The Sindhudesh Liberation Army (also known as Sindh Liberation Army or SLA) is a Sindhi Militant organization based in the Sindh province of Pakistan. It became publicly known in 2010 after it claimed responsibility for a targeted bomb blast on railway tracks near Hyderabad, Pakistan. The group is currently active.

Darya Khan is the leader of the group. Pakistan's media also stated that Jeay Sindh Muttahida Mahaz's Chairman Mr. Shafi Muhammad Burfat is operating Sindhudesh Liberation Army from Kabul, however the claim doesn't have evidence.

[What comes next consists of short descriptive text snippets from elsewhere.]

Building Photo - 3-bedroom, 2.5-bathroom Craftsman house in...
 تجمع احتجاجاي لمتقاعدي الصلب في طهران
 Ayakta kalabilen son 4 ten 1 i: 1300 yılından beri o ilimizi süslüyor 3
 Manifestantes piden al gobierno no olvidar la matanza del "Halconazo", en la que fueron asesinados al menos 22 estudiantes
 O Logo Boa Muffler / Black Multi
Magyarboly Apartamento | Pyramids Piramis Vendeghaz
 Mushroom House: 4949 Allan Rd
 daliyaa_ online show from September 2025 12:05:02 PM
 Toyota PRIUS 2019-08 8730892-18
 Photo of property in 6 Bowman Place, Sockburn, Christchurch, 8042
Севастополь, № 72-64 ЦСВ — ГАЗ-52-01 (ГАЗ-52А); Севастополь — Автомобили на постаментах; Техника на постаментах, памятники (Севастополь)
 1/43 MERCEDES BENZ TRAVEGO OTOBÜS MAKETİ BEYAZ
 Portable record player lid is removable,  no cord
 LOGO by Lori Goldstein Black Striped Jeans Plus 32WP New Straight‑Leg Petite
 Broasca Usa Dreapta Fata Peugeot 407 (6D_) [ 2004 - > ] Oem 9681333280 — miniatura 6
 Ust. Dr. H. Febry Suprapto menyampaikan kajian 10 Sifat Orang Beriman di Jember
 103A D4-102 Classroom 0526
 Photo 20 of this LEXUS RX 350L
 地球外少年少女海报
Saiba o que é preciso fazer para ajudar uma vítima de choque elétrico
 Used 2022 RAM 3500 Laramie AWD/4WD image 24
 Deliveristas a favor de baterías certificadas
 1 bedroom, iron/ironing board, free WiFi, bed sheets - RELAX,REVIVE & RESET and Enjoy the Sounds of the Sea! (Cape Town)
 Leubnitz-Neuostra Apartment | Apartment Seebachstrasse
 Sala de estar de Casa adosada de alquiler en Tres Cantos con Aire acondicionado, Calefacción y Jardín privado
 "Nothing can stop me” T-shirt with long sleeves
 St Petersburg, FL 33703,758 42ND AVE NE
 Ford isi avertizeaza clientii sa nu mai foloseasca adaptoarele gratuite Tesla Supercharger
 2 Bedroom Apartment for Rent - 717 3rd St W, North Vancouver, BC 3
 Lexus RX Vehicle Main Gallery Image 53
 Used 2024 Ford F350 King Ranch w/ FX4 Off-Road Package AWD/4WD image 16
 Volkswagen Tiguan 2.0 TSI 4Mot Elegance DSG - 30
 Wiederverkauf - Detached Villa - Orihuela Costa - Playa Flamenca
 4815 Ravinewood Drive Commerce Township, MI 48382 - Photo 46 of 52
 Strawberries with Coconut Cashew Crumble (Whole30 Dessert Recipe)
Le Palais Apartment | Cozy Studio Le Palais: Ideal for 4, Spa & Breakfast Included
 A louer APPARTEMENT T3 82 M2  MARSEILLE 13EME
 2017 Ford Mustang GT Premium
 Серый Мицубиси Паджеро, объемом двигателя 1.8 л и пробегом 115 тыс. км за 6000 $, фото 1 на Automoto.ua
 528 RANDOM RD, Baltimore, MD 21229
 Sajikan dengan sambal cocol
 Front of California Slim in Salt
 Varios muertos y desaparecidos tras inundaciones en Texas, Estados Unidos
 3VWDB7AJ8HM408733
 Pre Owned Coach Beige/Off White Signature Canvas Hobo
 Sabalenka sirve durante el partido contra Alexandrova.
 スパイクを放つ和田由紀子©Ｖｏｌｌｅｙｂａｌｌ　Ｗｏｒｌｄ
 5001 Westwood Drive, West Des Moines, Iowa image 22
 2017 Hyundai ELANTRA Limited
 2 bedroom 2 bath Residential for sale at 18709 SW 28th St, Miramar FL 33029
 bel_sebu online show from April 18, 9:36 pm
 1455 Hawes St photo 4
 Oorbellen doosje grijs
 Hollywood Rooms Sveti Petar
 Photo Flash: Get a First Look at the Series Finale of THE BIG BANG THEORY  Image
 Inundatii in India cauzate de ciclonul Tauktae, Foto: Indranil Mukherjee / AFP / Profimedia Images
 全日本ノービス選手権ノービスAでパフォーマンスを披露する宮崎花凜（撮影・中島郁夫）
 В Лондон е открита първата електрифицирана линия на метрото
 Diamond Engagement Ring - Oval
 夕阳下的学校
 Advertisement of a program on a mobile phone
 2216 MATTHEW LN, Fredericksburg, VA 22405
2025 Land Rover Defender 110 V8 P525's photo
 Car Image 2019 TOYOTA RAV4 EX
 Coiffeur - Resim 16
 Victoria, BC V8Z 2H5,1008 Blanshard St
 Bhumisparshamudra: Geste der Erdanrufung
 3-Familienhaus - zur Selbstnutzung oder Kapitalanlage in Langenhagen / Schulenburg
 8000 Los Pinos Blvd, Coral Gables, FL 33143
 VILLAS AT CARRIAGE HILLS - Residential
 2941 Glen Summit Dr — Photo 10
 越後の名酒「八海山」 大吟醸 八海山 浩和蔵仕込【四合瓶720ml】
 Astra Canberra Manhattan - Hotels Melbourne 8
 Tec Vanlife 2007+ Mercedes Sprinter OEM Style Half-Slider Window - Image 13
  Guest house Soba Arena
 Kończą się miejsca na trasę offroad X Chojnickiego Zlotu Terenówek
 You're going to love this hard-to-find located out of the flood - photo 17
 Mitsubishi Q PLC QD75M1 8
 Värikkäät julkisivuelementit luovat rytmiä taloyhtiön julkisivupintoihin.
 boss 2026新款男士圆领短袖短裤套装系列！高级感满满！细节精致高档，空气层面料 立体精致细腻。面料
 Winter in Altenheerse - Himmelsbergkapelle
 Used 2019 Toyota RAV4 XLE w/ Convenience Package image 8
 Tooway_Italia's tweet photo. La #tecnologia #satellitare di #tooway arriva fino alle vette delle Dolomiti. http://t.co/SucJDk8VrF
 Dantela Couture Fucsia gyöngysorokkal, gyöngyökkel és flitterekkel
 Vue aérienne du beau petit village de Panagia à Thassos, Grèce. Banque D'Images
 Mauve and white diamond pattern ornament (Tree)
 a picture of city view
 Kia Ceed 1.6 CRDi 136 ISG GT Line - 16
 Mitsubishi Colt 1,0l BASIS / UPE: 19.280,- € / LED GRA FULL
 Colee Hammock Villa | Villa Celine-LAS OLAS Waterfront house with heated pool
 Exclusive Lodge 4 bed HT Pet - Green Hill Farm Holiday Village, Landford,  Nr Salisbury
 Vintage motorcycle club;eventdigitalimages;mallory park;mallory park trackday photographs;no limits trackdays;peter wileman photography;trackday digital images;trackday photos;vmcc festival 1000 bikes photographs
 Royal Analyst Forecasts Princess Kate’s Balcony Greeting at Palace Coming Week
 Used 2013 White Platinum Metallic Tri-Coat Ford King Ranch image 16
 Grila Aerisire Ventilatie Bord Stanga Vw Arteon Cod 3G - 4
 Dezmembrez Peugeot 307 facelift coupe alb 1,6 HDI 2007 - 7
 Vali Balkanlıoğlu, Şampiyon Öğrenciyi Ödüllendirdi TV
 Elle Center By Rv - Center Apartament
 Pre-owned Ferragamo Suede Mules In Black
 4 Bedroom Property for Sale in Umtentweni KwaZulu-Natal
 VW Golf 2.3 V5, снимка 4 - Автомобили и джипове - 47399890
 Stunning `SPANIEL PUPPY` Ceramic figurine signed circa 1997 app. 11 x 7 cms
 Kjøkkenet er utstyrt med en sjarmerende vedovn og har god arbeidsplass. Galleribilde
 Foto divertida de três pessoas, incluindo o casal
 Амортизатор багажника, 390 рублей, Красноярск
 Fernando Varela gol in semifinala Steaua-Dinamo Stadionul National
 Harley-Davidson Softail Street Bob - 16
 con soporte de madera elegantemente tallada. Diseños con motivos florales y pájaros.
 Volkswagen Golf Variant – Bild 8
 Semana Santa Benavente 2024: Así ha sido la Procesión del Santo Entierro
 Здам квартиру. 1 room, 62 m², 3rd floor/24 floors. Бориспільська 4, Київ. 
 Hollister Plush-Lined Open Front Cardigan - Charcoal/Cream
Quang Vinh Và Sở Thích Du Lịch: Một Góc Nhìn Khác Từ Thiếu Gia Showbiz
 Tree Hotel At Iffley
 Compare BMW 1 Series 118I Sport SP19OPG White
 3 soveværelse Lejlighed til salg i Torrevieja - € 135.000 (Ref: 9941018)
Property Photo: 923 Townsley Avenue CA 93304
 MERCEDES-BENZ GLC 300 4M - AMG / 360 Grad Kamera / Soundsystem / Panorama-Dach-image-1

Declaration as a terrorist organisation
Sindhudesh Liberation Army is designated as terrorist organisation by the government of Pakistan. Pakistan has repeatedly accused India of supporting Sindhudesh Liberation Army.

Attacks

The group is responsible for low-intensity bomb explosions in parts of  Sindh. In May 2012, the group claimed responsibility for low-intensity bomb explosions outside the bank branches and Automated Teller Machines (ATM) of the National Bank of Pakistan (NBP) in different districts of Sindh. Four people were injured in the attacks. In 2016, a vehicle of Chinese engineer was targeted with remote control bomb at Gulshan-e-Hadeed Karachi. Chinese national and his driver were injured in the explosion. Sindhudesh Liberation Army (SLA) claimed responsibility for the attack.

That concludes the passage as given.